Source data
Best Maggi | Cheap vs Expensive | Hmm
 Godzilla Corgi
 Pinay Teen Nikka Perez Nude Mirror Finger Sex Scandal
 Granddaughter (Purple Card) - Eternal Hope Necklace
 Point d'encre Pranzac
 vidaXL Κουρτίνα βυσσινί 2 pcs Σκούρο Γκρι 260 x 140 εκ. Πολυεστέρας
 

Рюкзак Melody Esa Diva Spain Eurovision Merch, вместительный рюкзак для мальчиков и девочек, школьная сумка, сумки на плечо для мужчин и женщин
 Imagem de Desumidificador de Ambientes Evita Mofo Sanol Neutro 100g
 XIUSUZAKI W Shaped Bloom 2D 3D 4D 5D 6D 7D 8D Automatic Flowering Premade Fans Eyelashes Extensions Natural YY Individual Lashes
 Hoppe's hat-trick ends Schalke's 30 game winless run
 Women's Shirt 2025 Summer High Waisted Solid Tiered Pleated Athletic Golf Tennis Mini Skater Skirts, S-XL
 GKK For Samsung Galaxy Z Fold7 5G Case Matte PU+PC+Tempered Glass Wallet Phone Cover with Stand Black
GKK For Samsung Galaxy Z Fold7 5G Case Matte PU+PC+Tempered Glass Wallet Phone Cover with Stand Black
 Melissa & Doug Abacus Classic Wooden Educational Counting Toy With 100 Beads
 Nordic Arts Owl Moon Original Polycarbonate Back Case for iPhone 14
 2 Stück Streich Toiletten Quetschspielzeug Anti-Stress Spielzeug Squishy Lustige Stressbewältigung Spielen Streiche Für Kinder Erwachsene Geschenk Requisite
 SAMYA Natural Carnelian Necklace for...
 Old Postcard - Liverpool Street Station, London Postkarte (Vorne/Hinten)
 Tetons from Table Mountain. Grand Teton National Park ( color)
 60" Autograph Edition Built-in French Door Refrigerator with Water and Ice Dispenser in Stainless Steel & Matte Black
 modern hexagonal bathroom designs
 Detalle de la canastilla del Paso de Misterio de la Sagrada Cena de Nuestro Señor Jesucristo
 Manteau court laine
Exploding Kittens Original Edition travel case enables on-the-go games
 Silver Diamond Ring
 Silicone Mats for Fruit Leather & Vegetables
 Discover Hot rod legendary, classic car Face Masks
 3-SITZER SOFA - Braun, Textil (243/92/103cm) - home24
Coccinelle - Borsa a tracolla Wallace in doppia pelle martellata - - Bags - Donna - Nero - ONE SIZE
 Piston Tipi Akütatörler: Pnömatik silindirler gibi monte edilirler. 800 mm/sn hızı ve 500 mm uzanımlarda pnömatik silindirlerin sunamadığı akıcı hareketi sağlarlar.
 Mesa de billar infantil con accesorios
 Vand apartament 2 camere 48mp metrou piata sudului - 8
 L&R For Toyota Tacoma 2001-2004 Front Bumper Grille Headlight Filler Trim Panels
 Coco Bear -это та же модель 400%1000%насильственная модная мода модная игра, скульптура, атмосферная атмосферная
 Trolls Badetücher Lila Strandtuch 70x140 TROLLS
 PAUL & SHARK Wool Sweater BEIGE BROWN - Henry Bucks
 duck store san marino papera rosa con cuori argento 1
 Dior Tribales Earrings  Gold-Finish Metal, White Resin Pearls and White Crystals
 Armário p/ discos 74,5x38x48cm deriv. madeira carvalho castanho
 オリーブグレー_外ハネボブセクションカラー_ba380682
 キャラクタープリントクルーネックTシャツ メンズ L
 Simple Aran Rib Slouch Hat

Work instructions
Write down exactly the span of lines above from the one containing "Exploding Kittens Original" to the one containing "3-SITZER SOFA - Braun, Textil", both ends included.

Output of the exercise
Exploding Kittens Original Edition travel case enables on-the-go games
 Silver Diamond Ring
 Silicone Mats for Fruit Leather & Vegetables
 Discover Hot rod legendary, classic car Face Masks
 3-SITZER SOFA - Braun, Textil (243/92/103cm) - home24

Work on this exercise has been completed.